Questions that Data Scientists Hate Getting
This is a variation on a Quora answer.
When asked how data scientists can be effective, there are a few things that com e to mind:
- Skills: A curiosity and sufficient skill in data analysis methods and techniques
- Fundamental needs: the data and access to the tools to perform analysis — and this would include the environments
- Performance needs: Sufficient resources, time and good enough processes to validate or invalidate hypotheses and build models based on them
- Excitement needs: Sufficient support and latitude to independently deploy projects based on successful hypotheses tested and models built
Note that while these criteria listed above begin with the fundamental skills required to do data science, the focus shifts in items 2, 3 and 4, to what is required for data scientists to be effective. The first of these are the fundamental needs, such as the data itself, and the access to the required tools, be they statistical or machine learning tools, databases, visualization libraries, or other resources. The second of these are the performance needs, which will help the data scientist do whatever it is that they do, a bit better than how they’re doing this now. This includes processes and systems that enable the data scientist to improve their own capabilities. Finally, we have excitement needs, which enable data scientists to do outstanding work — a large part of this is being able to reuse what has been built, through deployment of various kinds.
It is in this context that we can discuss how managers of data science teams can help them be effective.
If there is one kind of behaviour in analytics managers that I wish changed, it is the one I describe in the following lines.
A lot of what data scientists do is experimental, throw-away analysis. However, it is tempting for a number of managers (many of who have made up their minds that some hypothesis holds true, or will work), to assume that they’re right, and what is required from the data scientist is the detailed model that formalizes the relationship.
This kind of assumption makes for poorly designed projects, and doesn’t amply use the data scientist’s time for exploratory analysis, for evaluating the development of different kinds of models, and for finding out what works, given the dataset.
Naturally, given the time-bound nature of businesses and poor understanding of analytics at the executive level in many organizations, such clients are commonplace, and such managers also find themselves in a situation where they push for results without the right underlying systems, data or resources. Sometimes, they begin projects with data scientists who lack the specific skills to build the kinds of models required to solve problems. While this may be the case, the challenge many data scientists in business and consulting have is dealing with such unreasonable expectations.
In this specific context, some questions that shouldn’t be posed to data scientists might be along the following lines:
- “Assuming that hypothesis X works, how long would it take to build a full fledged application using this hypothesis X?”
- “The domain experts are convinced that this hypothesis X is true.

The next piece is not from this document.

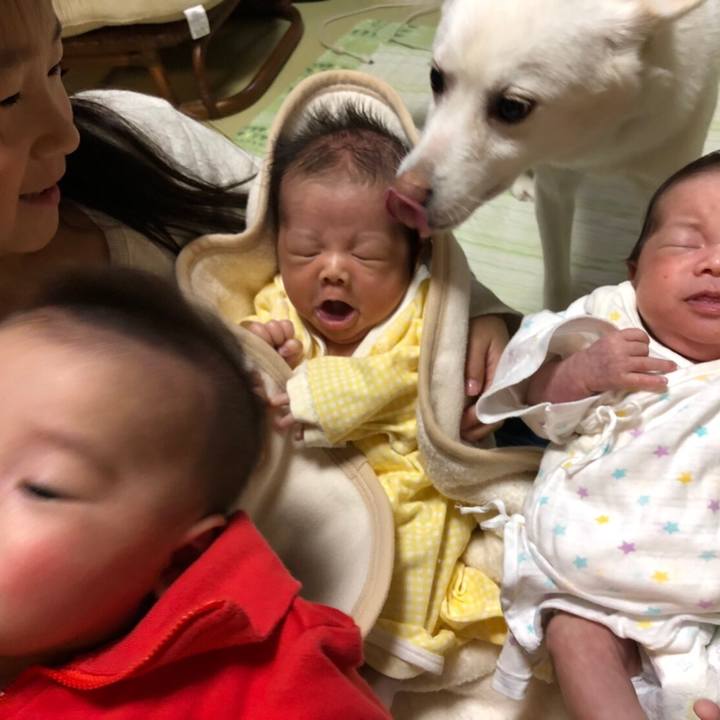 9fbf1edb 5bce 4443 a973 0ab7131e4552 1581074521568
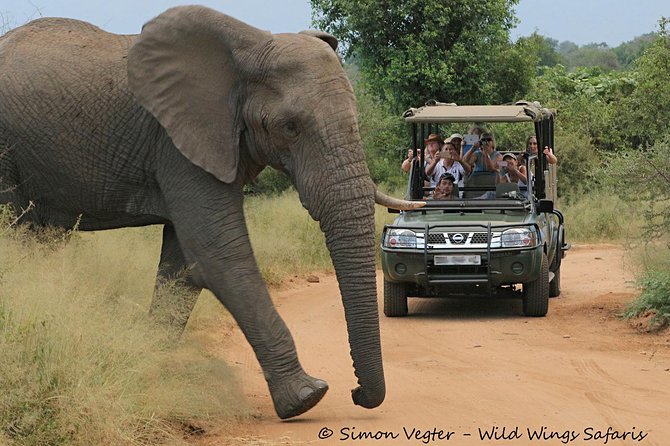3-Day Kruger National Park Open Vehicle Safari - The full wildlife day on Day 2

Why don’t your results reflect this too?”
- “The values of R_sq or precision/recall I see here don’t reflect what can be done with the data. Aren’t better results possible?”
These kinds of questions are simplistic when in the initial stages of a data science activity/experiment, and in some situations, they could be dangerous too (although they’re innocuous mistakes any manager new to analytics initiatives may make).
For the same reason that “a little knowledge is a dangerous thing” these project managers might be playing with the fortune of the entire analytics program they serve, because they base even large projects on such naive and unverified assumptions. Were they to change their behaviour by giving due consideration to exploratory data analysis, and what the data actually says about viable models and applications that may be built, they might be putting their data scientists and engineers on the path to success.